WORK INSTRUCTIONS » Skip the pictures and restate, word for word, the lines from the one containing "豆豉酱牛肉-外婆家(古墩印象城店)" to the end of the data below.
══════
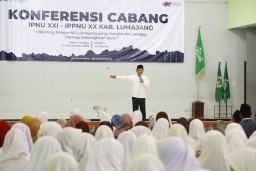 IPNU - IPPNU Lumajang Bangkit Untuk Bentuk Komisariat Sekolah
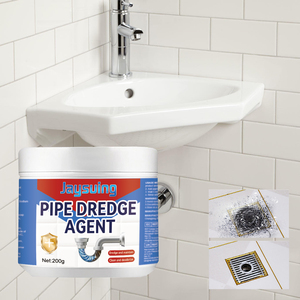 Jaysuing ad azione rapida pulitore di scarico in polvere professionale scarico liquido di apertura per la <span class=keywords><strong>cucina</strong></span> bagno tubo di rimozione - Product Image 1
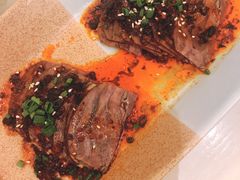 豆豉酱牛肉-外婆家(古墩印象城店)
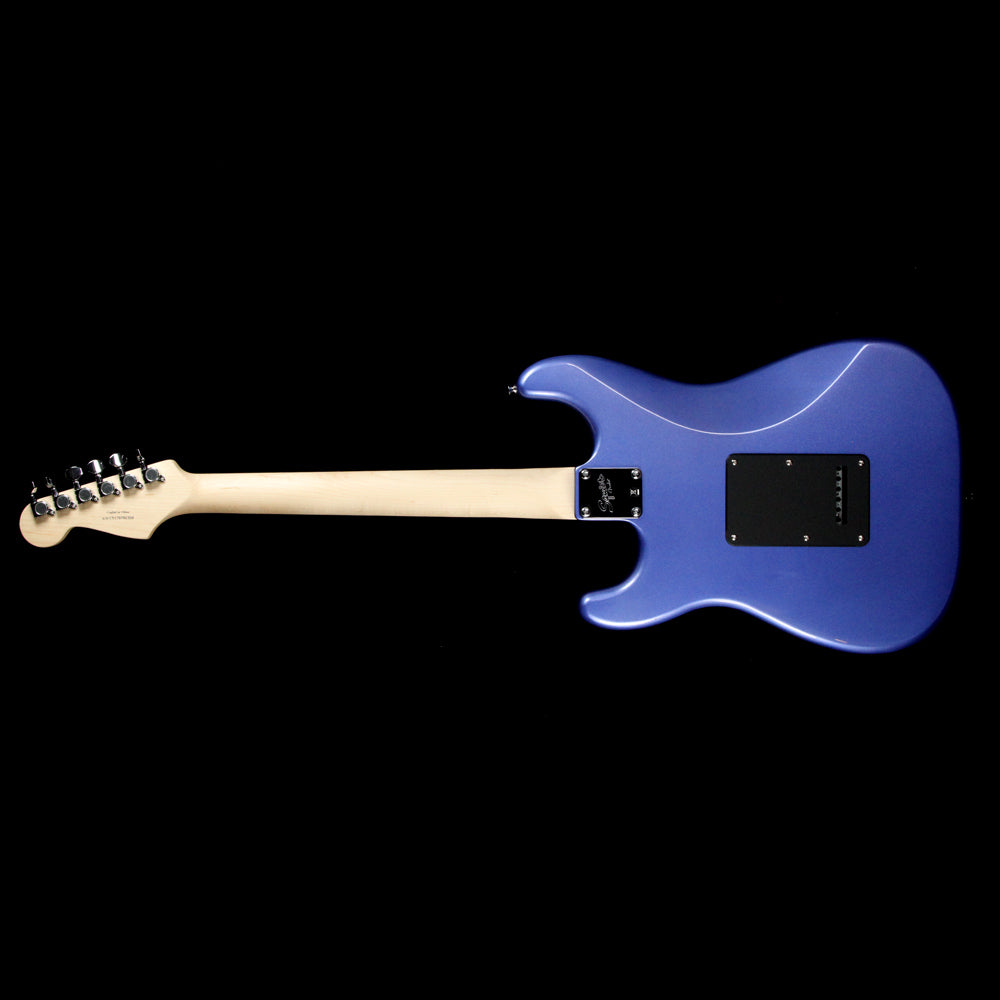 Squier Contemporary Stratocaster HSS Ocean Blue Metallic | The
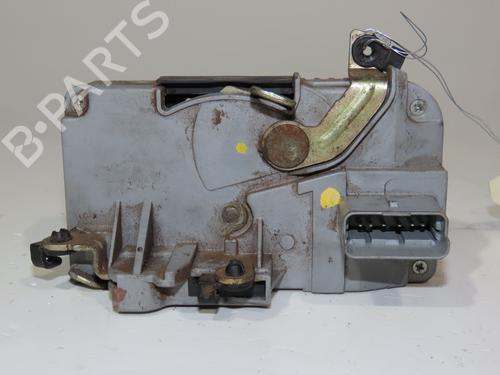 Used Front right lock PEUGEOT 206 CC (2D) 1.6 16V (2DNFUF, 2DNFUR) (109 hp) 20218130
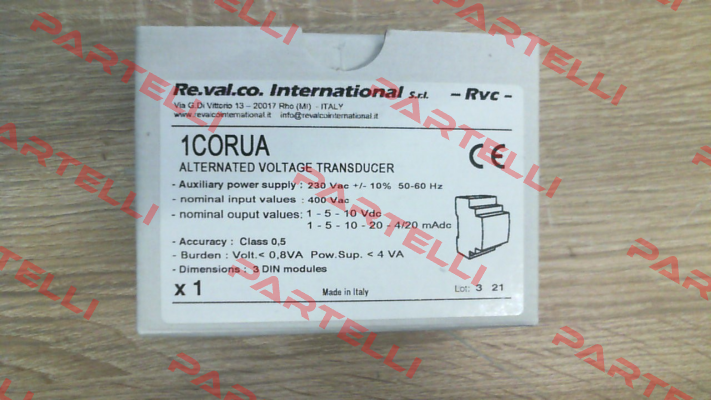 1CORUA Revalco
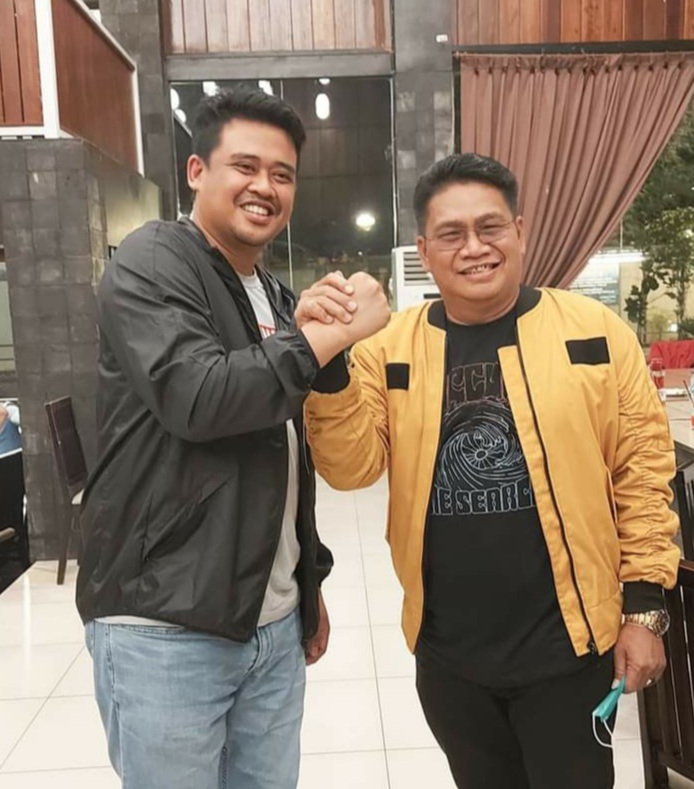 HUT ke 431, Kado Istimewa Ulang Tahun Bobby, JMSI SUMUT: Kota Medan Semakin Berkarakter Menuju Perbaikan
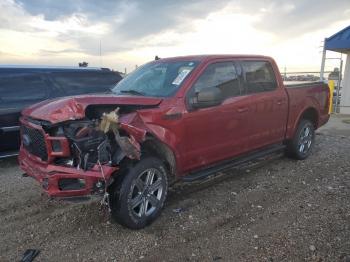  Salvage Ford F-150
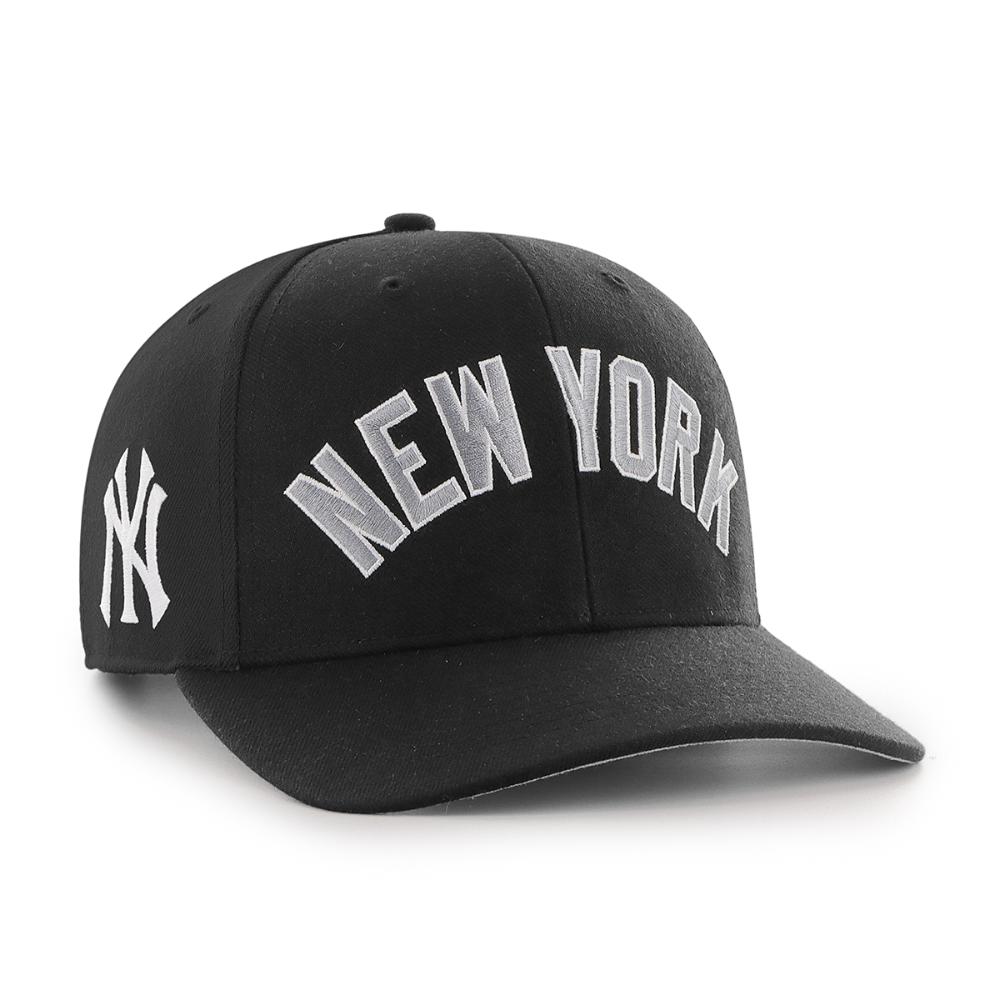 Jockey New York Yankees Hitch Black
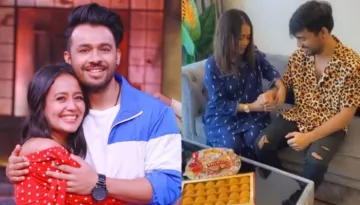 Neha Kakkar Reveals Her Brother, Tony Kakkar's Gift For Her On 'Raksha Bandhan', Shares Cute Video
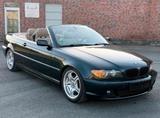 BMW E46 320 Cabrio - BMW 320: Cabrio, E46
══════
OUTPUT FOR THIS EXERCISE »
 豆豉酱牛肉-外婆家(古墩印象城店)
 Squier Contemporary Stratocaster HSS Ocean Blue Metallic | The
 Used Front right lock PEUGEOT 206 CC (2D) 1.6 16V (2DNFUF, 2DNFUR) (109 hp) 20218130
 1CORUA Revalco
 HUT ke 431, Kado Istimewa Ulang Tahun Bobby, JMSI SUMUT: Kota Medan Semakin Berkarakter Menuju Perbaikan
  Salvage Ford F-150
 Jockey New York Yankees Hitch Black
 Neha Kakkar Reveals Her Brother, Tony Kakkar's Gift For Her On 'Raksha Bandhan', Shares Cute Video
 BMW E46 320 Cabrio - BMW 320: Cabrio, E46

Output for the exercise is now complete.